The ordinary bugle head screw will pull down flush in softwoods, but it will remain slightly above the surface in hardwood. Some bugle-head
screws have sharp nibs below their heads to cut away the wood below the
head as you drive the screw. This type will pull flush even in hardwood.
Roundhead screws have a flat bottom, so they don’t have to be countersunk. The
rounded top extends above the wood surface. Roundhead screws are usually used
for attaching hardware. Panhead screws are similar to roundhead screws, but the
head is flattened on top so it doesn’t extend as much above the surface.
Screws are commonly available with recesses in their heads to fit the following three types of screwdriver:
straight blade, Phillips, and square (Illus. 10-8). Screws that take a straight-blade screwdriver are often called slotted-head screws. This is the oldest type of screw. Slotted-head screws work fine when you are driving screws by hand, but they are hard to use with a power screwdriver.
The Phillips-head screw has a cross-shaped recess in its head. This type is much easier to drive with a power screwdriver because the bit doesn’t jump off the screw head as easily. Phillips-head screws have become increasingly popular as more and more people use power screwdrivers.
The square-head screw has a square recess in its head. Although it is not as
widely available as the Phillips-head screw, it is increasingly popular among
wood- workers because it offers an even better grip for the screwdriver bit.

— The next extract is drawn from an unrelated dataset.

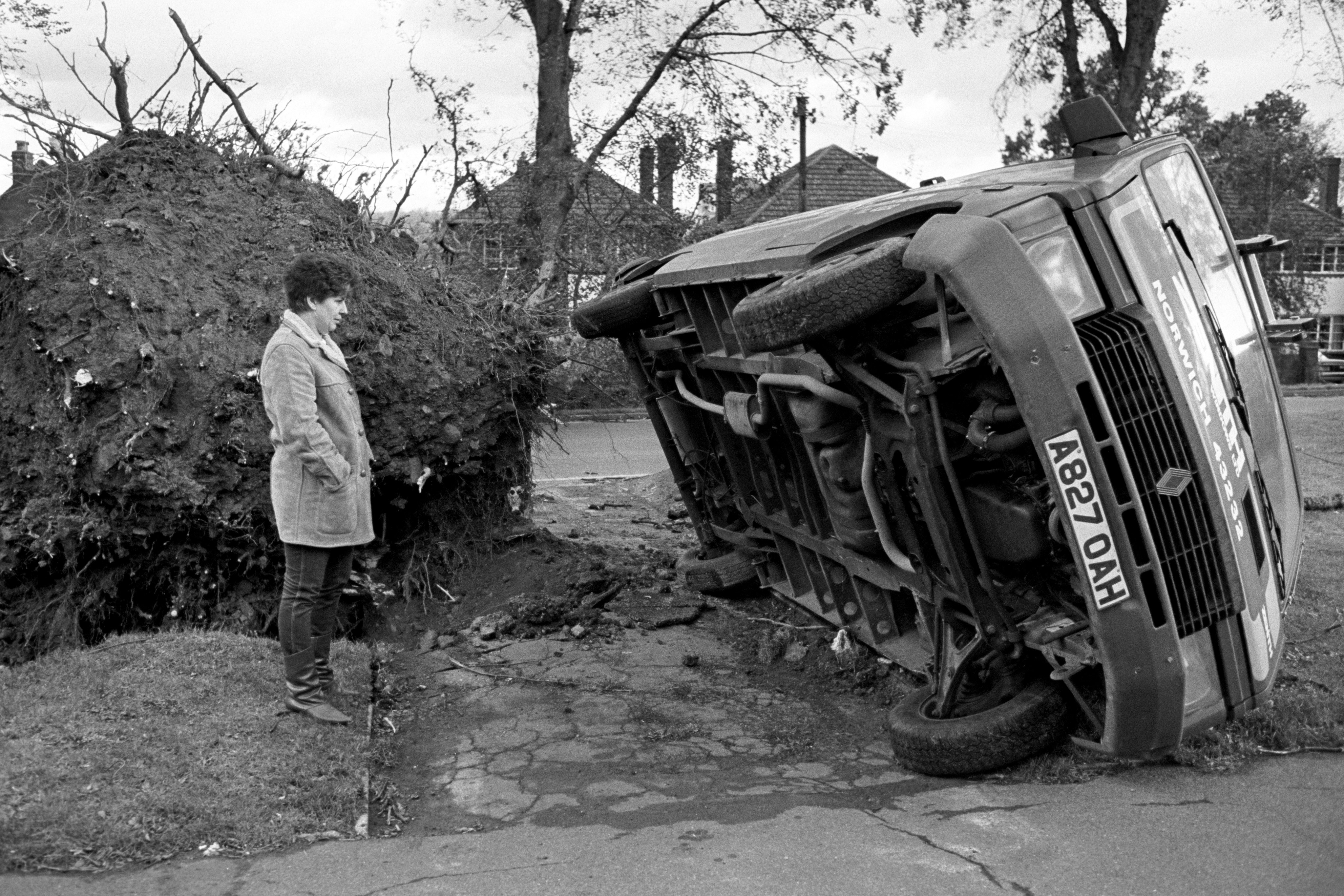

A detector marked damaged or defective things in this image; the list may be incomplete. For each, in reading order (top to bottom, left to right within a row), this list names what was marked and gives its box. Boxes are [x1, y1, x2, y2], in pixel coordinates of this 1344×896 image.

overturned truck [575, 94, 1302, 777] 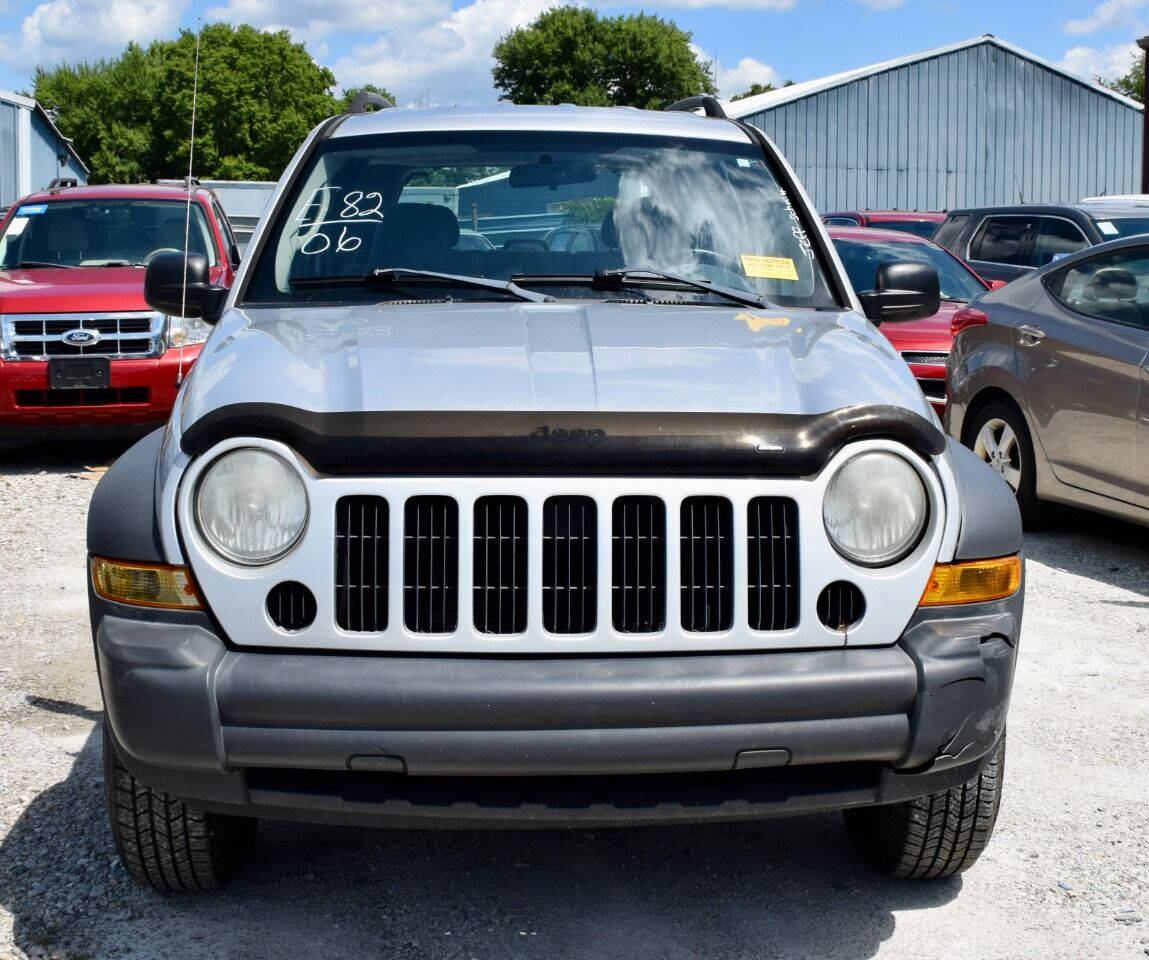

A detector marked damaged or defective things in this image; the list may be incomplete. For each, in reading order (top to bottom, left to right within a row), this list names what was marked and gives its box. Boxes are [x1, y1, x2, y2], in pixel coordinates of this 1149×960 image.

cracked bumper [92, 584, 1024, 824] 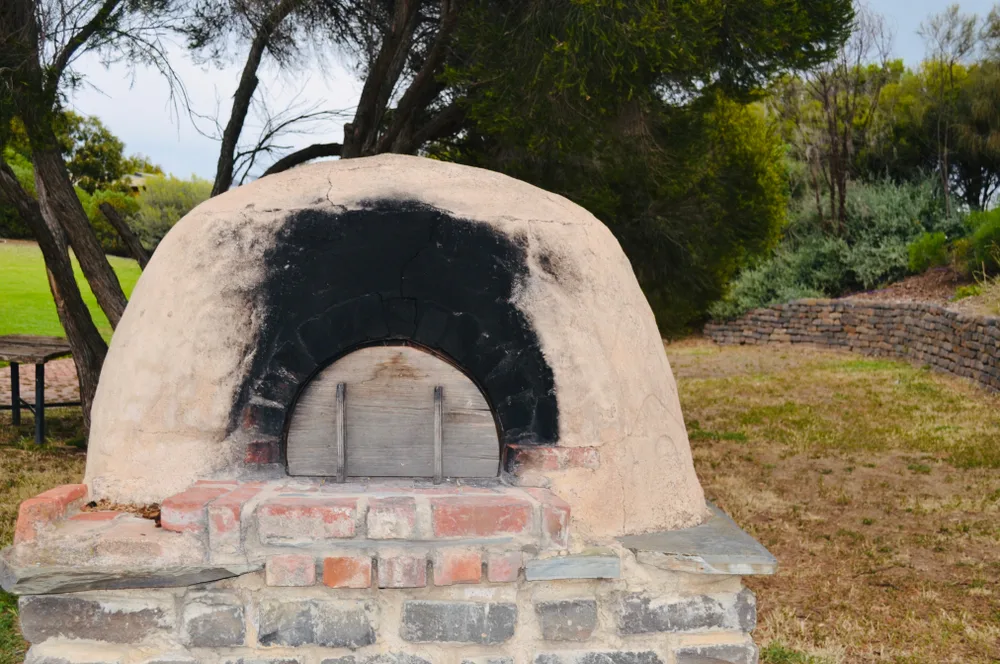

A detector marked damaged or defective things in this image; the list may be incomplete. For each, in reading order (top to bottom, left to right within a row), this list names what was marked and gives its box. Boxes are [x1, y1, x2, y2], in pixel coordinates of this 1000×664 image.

There are several other types of screwdriver designs, but at present they are
mostly used in industrial applications.
The traditional wood screw thread pattern is an old design that was based mostly
on the limitations of thread-cutting machinery of a century ago. It has two disadvantages.
First, it requires a two-step pilot hole, one size for the threaded portion and
a slightly larger size hole for the shank. Second, the threads are fairly shallow,
so the screw’s holding power is limited.